- What the task requires:
In the records below, find the line with "A Golden Trophy" and the line with "労災認定の基準や書類を確認し"; return exactly those lines and every line between them.

- Supplied information:
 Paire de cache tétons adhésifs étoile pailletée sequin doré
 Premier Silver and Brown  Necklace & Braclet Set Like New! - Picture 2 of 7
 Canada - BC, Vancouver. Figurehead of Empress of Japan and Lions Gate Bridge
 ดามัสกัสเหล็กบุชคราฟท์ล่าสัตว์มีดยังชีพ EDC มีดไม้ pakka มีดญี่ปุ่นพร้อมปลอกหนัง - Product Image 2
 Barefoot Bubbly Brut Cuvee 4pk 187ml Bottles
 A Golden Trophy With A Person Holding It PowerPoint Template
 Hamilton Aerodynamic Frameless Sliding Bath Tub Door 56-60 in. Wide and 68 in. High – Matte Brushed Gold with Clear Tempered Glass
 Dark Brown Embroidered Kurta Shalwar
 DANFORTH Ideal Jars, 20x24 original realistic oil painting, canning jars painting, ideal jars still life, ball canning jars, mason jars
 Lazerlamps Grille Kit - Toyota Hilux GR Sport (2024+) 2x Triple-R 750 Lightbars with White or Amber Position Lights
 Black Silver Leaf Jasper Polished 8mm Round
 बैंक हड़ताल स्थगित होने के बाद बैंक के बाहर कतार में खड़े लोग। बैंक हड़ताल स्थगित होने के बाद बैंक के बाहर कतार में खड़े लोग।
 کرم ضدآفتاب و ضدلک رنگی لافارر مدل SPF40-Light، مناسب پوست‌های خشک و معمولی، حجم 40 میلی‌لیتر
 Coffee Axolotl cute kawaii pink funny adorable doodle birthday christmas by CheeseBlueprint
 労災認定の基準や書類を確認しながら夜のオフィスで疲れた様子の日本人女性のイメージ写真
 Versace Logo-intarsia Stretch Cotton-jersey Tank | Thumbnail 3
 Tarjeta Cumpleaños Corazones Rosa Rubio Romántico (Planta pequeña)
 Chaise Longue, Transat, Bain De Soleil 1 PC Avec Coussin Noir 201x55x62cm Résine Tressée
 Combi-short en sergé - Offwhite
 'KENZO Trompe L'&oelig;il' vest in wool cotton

- Response area:
 A Golden Trophy With A Person Holding It PowerPoint Template
 Hamilton Aerodynamic Frameless Sliding Bath Tub Door 56-60 in. Wide and 68 in. High – Matte Brushed Gold with Clear Tempered Glass
 Dark Brown Embroidered Kurta Shalwar
 DANFORTH Ideal Jars, 20x24 original realistic oil painting, canning jars painting, ideal jars still life, ball canning jars, mason jars
 Lazerlamps Grille Kit - Toyota Hilux GR Sport (2024+) 2x Triple-R 750 Lightbars with White or Amber Position Lights
 Black Silver Leaf Jasper Polished 8mm Round
 बैंक हड़ताल स्थगित होने के बाद बैंक के बाहर कतार में खड़े लोग। बैंक हड़ताल स्थगित होने के बाद बैंक के बाहर कतार में खड़े लोग।
 کرم ضدآفتاب و ضدلک رنگی لافارر مدل SPF40-Light، مناسب پوست‌های خشک و معمولی، حجم 40 میلی‌لیتر
 Coffee Axolotl cute kawaii pink funny adorable doodle birthday christmas by CheeseBlueprint
 労災認定の基準や書類を確認しながら夜のオフィスで疲れた様子の日本人女性のイメージ写真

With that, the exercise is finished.